Form a unified front
Whether or not you draw up a formal online "code of conduct", employees need to have clear direction as to how to best represent the company online. "Establish clear social media policies based around exercising good judgment not through [a threat of] withdrawal of access. First and foremost, the priority should be to support the company and to follow through and complete projects and assignments on a timely basis. Second, to maintain absolute and undivided discretion regarding company policy and initiatives," notes Roy Cohen, author of The Wall Street Professional’s Survival Guide. Time limits are a particularly important topic to address. For instance, how long is too long before responding to an email? How much time should an employee spend on Twitter a day?
Use tech for a purpose
Help focus your employees by not only laying out ground rules for usage, but encouraging them to participate in professional groups on Twitter and its counterparts. "Many professional associations host daily industry discussions on their Facebook pages, and Twitter chats on a number of topics from leadership, career management, and specific business sectors. Technology and social media can be used to engage with new contacts that could benefit the organization, as well as new ideas and trends that might not be apparent internally," says consultant Tracy Brisson, founder of The Opportunities Project. The key is guiding employees in a way that increases engagement in their work, instead of offering them up a nice distraction from their day.

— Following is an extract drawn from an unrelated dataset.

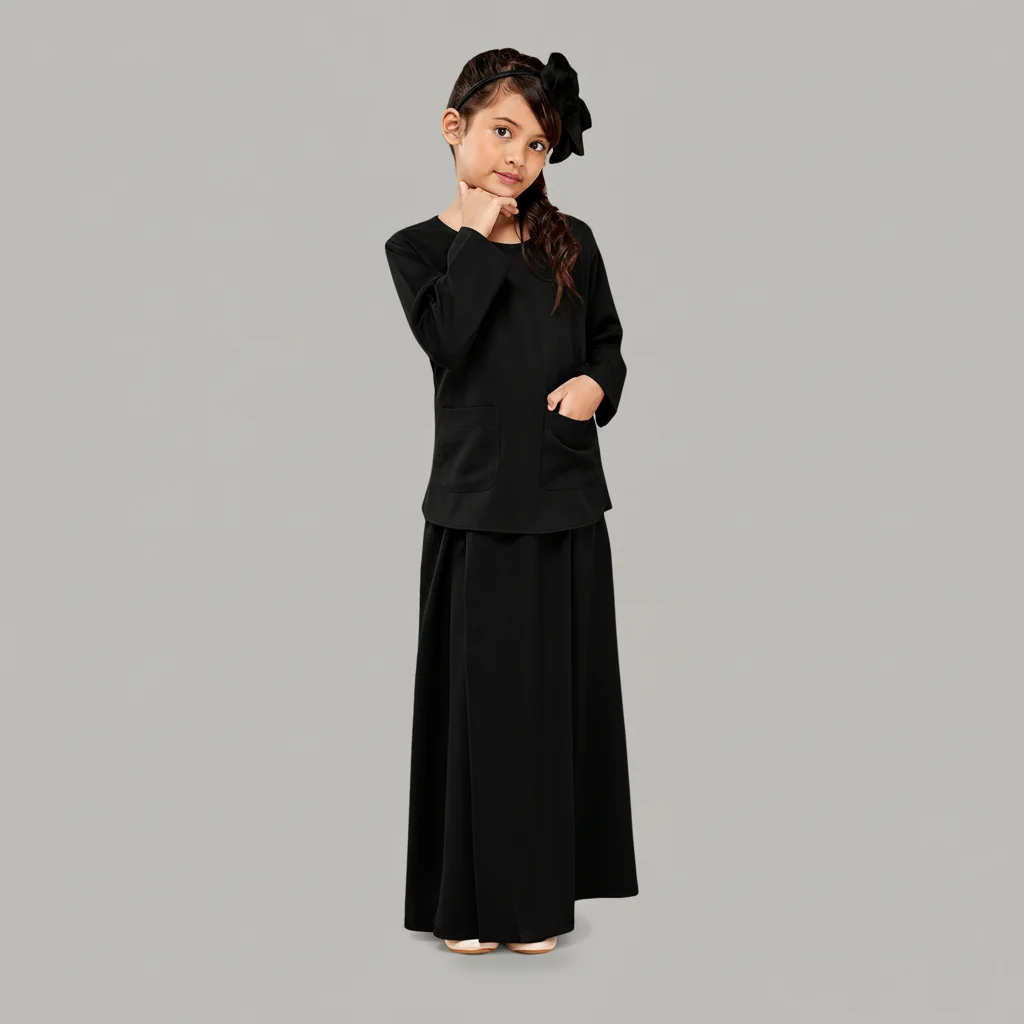 Faizah Black Kids Abaya with Pockets: 2 Piece Top and Skirt Set (5 to 14 Years)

Urge people to keep things short and simple
Whether emailing, instant messaging or Tweeting, digital communications are meant to be succinct. Encourage your employees to keep their online communications to the point, for maximum effectiveness and to prevent them from becoming a time suck. "When you communicate too much, what you say simply loses its meaning. It’s smart policy to be selective when deciding to correspond via email or text, as it gives your words more weight," says Gary Malin, president of the Citi Habitats real estate firm in New York City.
Encourage people to interact face-to-face
Technology shouldn’t replace in-person or over-the-phone interactions. Emailing hides subtleties in tone and message that can only be revealed using your voice and facial expressions. "All of these nuances are lost when using email and many other technologies to communicate. If you read the written word, there is always room for misunderstanding the message. At Citi Habitats, we try to use a mix of old and new when it comes to communicating with our employees and clients," says Malin.
Heed these tips and soon technology will be helping -- not hurting -- employee engagement at your office.